Dalam konteks Kepulauan Riau, implementasi Sishankamrata menunjukkan nilai-nilai ini melalui; pelibatan komunitas pesisir dan pulau-pulau kecil dalam sistem deteksi dini dan pelaporan, penguatan kesadaran bela negara melalui pendidikan dan pelatihan masyarakat, sinergi antara TNI, pemerintah daerah, dan unsur masyarakat sipil untuk menjaga ketertiban dan keamanan wilayah maritim.
Pertahanan bukan hanya dilaksanakan oleh negara, tetapi dibagikan secara moral dan fungsional kepada masyarakat, selaras dengan prinsip keadilan distributif dalam filsafat moral.
Kepulauan Riau, dengan ribuan pulau yang tersebar dan sebagian besar tidak berpenghuni secara permanen, mencerminkan wilayah yang sangat rentan terhadap pengabaian. Dari perspektif keadilan spasial, ini menjadi isu serius: apakah negara hadir secara seimbang di seluruh wilayahnya?
Hal ini berhubungan dengan prinsip keadilan teritorial (territorial justice) yaitu bagaimana negara memelihara keadilan dan perlindungan secara merata di semua wilayah yurisdiksinya, termasuk yang jauh dan kecil. Implementasi Sishankamrata dalam konteks ini menjadi alat kebijakan strategis sekaligus etis, karena guna menjembatani ketimpangan pembangunan dengan partisipasi lokal.
Konsep kedaulatan negara tidak semata berarti supremasi wilayah, tetapi juga pengakuan dan penghormatan terhadap integritas sosial dan budaya masyarakat di wilayah tersebut. Sishankamrata, dalam hal ini, menjadi instrumen etis untuk memastikan bahwa kedaulatan ditegakkan bukan melalui dominasi, tetapi melalui pemberdayaan dan partisipasi.
Dalam kerangka etika publik, pertahanan berbasis rakyat adalah jalan tengah antara kekuatan koersif negara dan kemandirian masyarakat.
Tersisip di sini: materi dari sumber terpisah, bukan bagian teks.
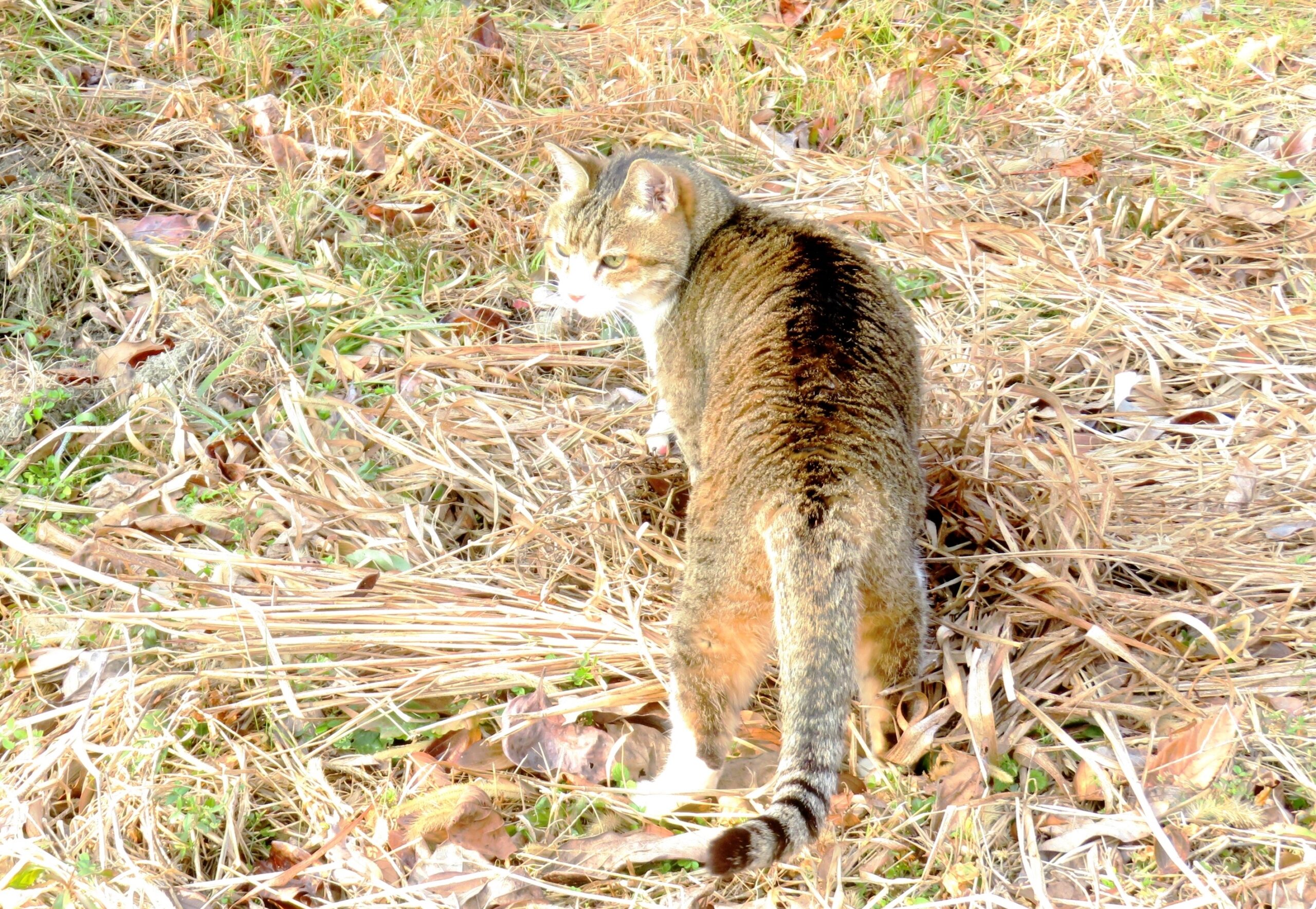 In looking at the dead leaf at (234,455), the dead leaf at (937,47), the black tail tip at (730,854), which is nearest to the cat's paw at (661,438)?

Hal ini menunjukkan bahwa kekuasaan yang berkelanjutan bukan ditentukan oleh kekuatan senjata, melainkan oleh ketahanan kolektif dan keterikatan sosial antara negara dan rakyatnya.
Dengan pendekatan filosofis ini, pertahanan tidak lagi semata dilihat sebagai respon atas ancaman, melainkan sebagai instrumen moral untuk mewujudkan negara yang utuh, adil, dan bertanggung jawab terhadap seluruh wilayahnya, termasuk yang berada di garis depan seperti Kepulauan Riau.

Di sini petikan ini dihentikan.